Voici quelques-uns des gens talentueux que jai rencontrés dans les rues de Lima.
Les Asháninka sont le groupe indien le plus nombreux de l'Amazonie péruvienne, et ont été les victimes d'une migration forcée pendant la période de terrorisme des années 1980 et 1990. Des survivants d'une active extermination, beaucoup se sont installés dans le quartier Ate de Lima, où un petit groupe vit toujours avec des membres d'autres communautés indigènes provenant des régions forestières du Pérou. Ensemble ils conservent des liens étroits avec leurs terres et leur culture.

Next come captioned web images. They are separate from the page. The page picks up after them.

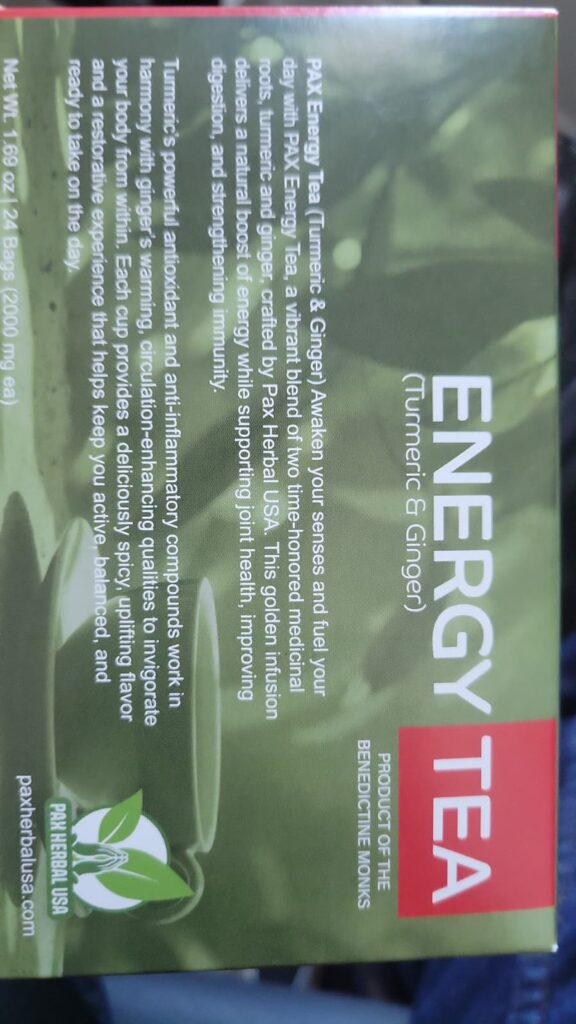 Energy tea blend of ginger and Tumeric from Pax Herbal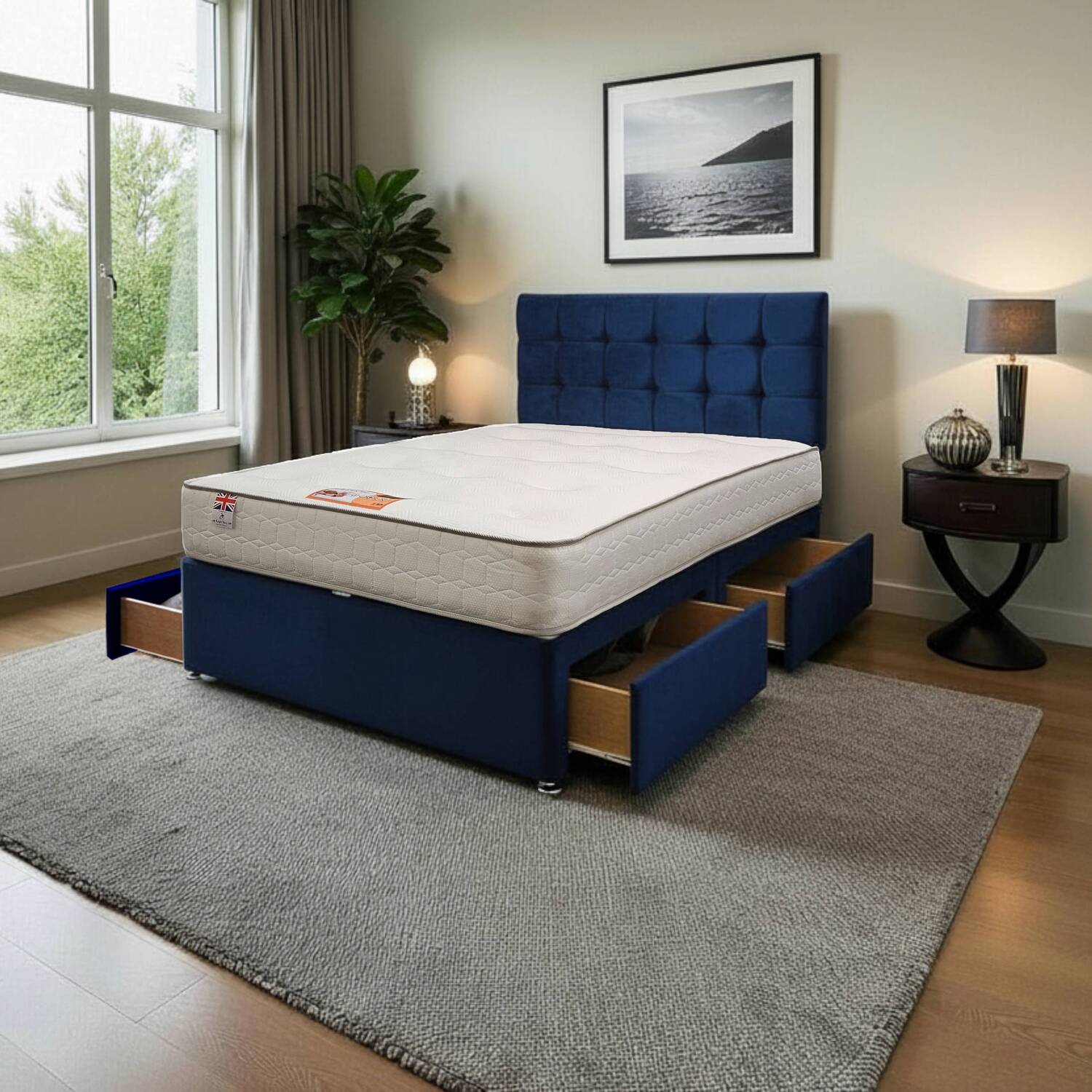 Cubed Plush Bed Set With Mattress And 24 Headboard - Navy King 4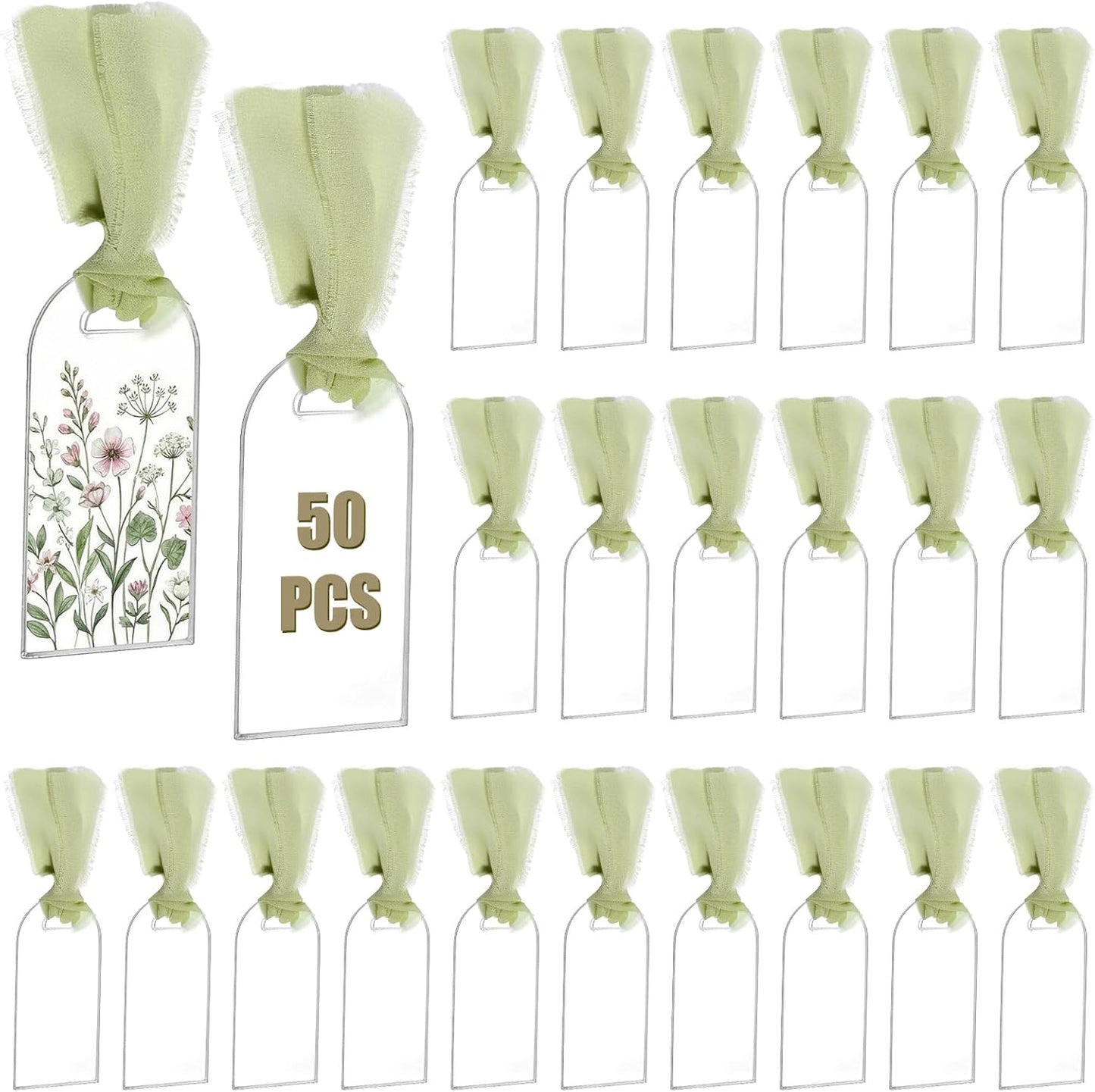 50 Tarjetas Acrílicas Transparentes con Cinta Verde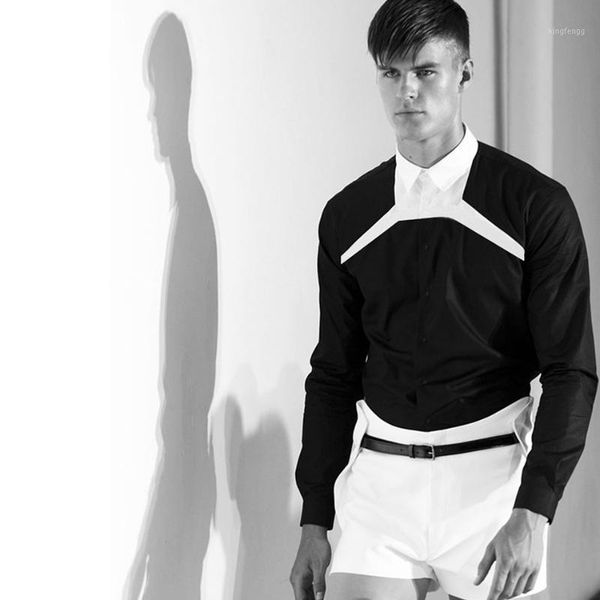 

s-5xl 2018 new gd fashion british black and white collage long sleeve shirt men's clothing plus size singer costumes1, White;black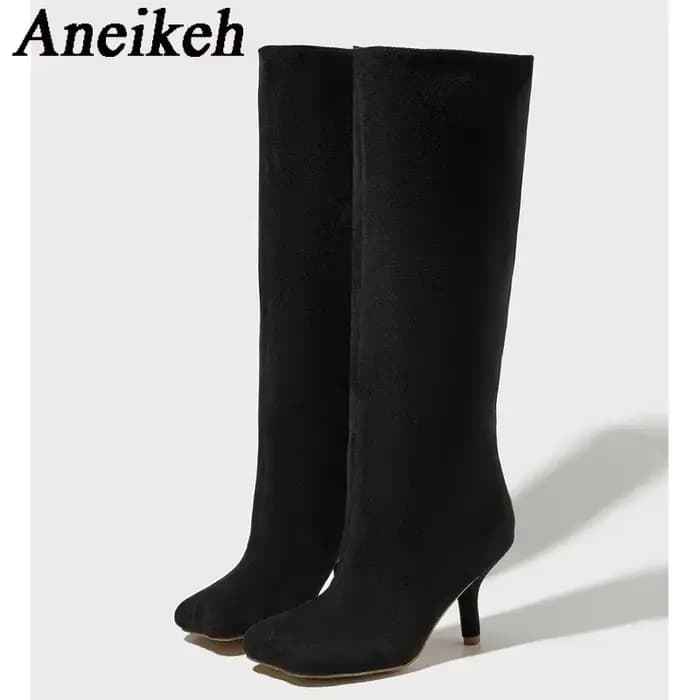 Aneikeh-Bottes Hautes au Genou pour Femme, Style de Rue, Mode, Carré, Parker, Punk, Talons Bas, Minc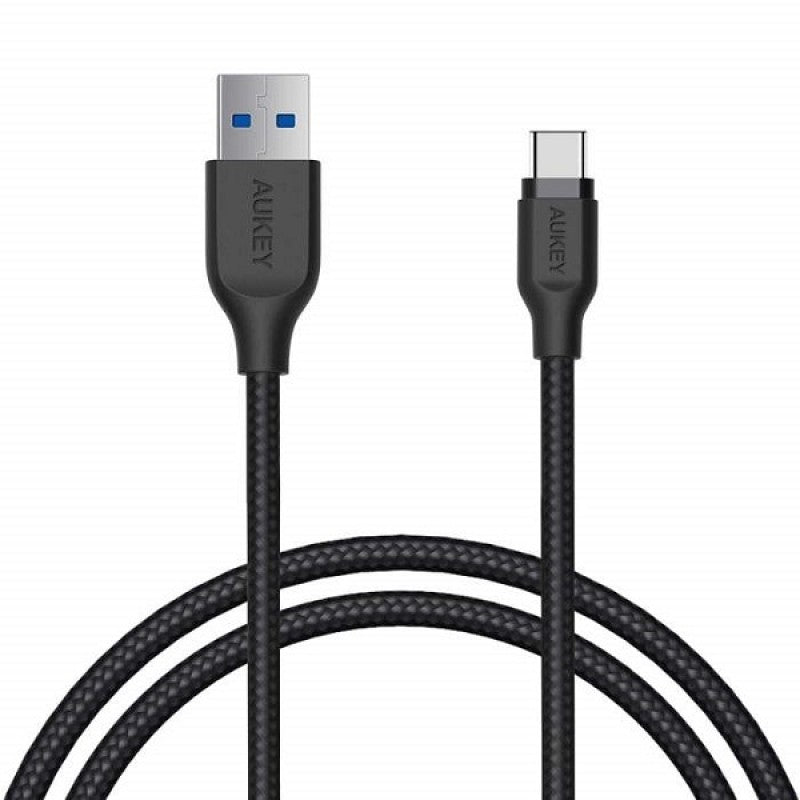 Aukey Braided Nylon Cable - 1.2m / USB 3.1 Gen 1 to USB-C / Black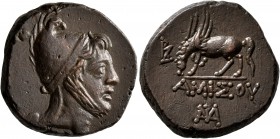PONTOS. Amisos. Time of Mithradates VI Eupator, circa 85-65 BC. AE (Bronze, 23 mm, 12.83 g, 1 h). Head of Perseus to right, wearing Phrygian helmet. R...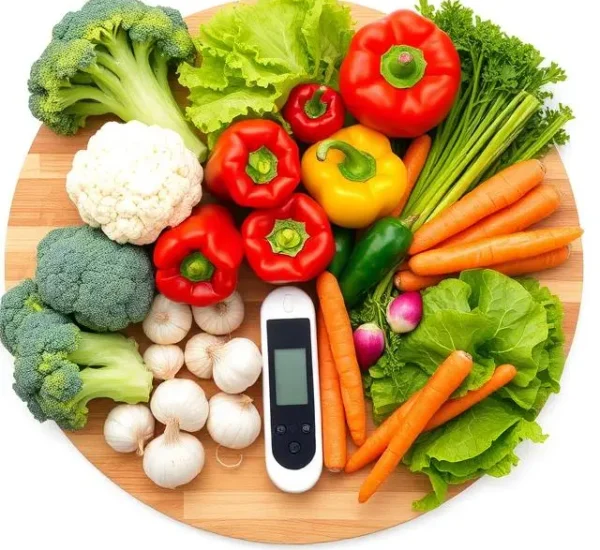 Fresh vegetables and glucose meter on wooden tray for diabetic-friendly diet.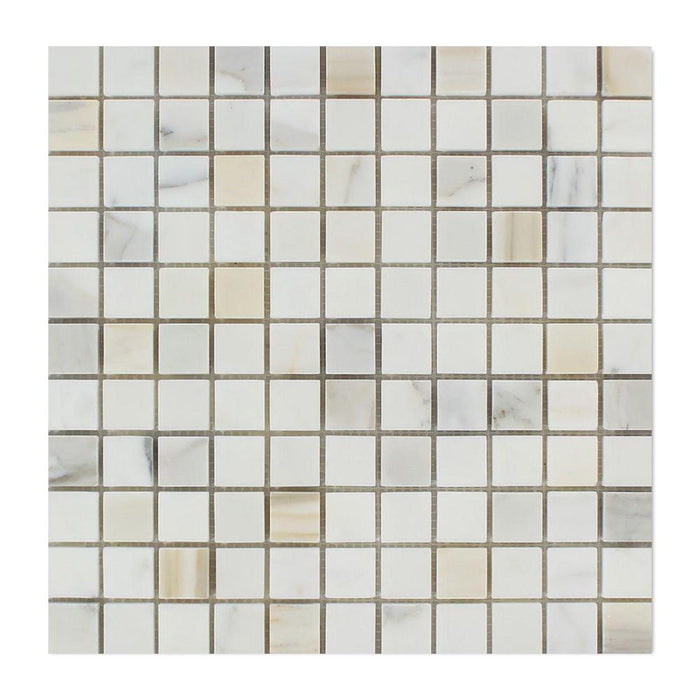 Calacatta Gold Marble Mosaic - 1" x 1" Polished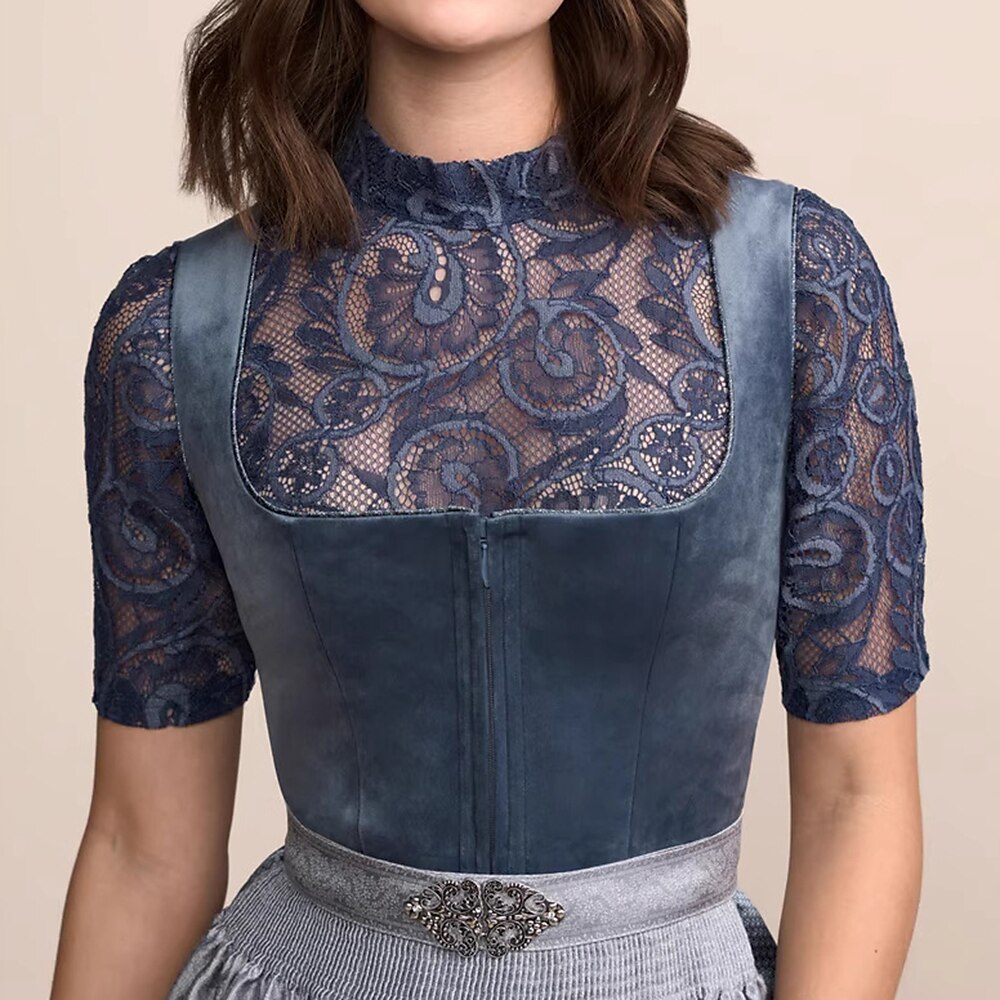 Classic dirndl dress in dark blue – Oktoberfest | Traditional costume dress with apron 3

Traversant un jour à pied le Marché Central de Lima, je suis tombé sur un petit rassemblement d'Asháninkas présentant un numéro musical typique, avec en cette occasion un danseur agile interprétant des rythmes amazoniens. Le spectacle était insolite dans le climat généralement frais de Lima, mais en cette journée estivale les musiciens ont joué comme ils l'auraient fait dans la chaude atmosphère tropicale de leur forêt natale. Je n'ai hélas pu capter qu'une bribe :
La musique Asháninka est très variée, comme le montre cette chanson de Yéssica Sánchez Comanti que j'ai enregistrée lors d'un récital de poèmes et de contes amazoniens.
Si la valse péruvienne, dérivée de la valse européenne, était une forme cultivée originellement à Lima et dans les villes côtières à la fin du 19ème siècle, elle a ensuite fait son chemin dans l'intérieur du pays. La Contamanina, qui se réfère à la ville de Contamana sur le fleuve Ucayali dans la région de Loreto au Nord, aurait été composée à Iquitos, la plus grande agglomération de l'Amazonie péruvienne—du moins c'est ce que prétend le blogueur Manuel Acosta Ojeda :
“On dit qu'à l'origine la valse était sans paroles, que la magnifique mélodie avait été créée par un violoniste italien venu d'Equateur à Iquitos au début du 20ème semaine pour faire fortune pendant le boom du caoutchouc, et que son titre d'origine était Leonor. Don Alejandro Mera del Águila a ajouté les paroles pour raconter la passion inspirée au voyageur italien par la jeune et belle Leonor Olórtegui Reyes. Ses sentiments étaient partagés, mais l'amour du couple n'a pas eu la bénédiction de la famille de Leonor, et la jeune femme a été chassée de la ville”.
Il existe plusieurs versions des paroles, mais une des plus connues est celle chantée par le Dúo Loreto. Dans mes exporation urbaines, j'ai enregistré une version instrumentale qui, conformément aux heureux hasards de mes rencontres, était jouée par un saxophoniste aveugle dans une rue du coeur de Lima précisément appelée Ucayali.
Je ne connaissais pas la scie musicale avant de rencontrer Miguel Ángel, mais d'après ce que j'ai glané sur YouTube, c'est un instrument répandu dans de nombreuses parties du globe.
Ici Miguel Ángel joue Love Hurts, la ballade rock des années 70 qui était un tube du groupe écossais Nazareth, en réalité composée par Boudleaux Bryant et enregistrée pour la première fois dans les années 60 par les Everly Brothers.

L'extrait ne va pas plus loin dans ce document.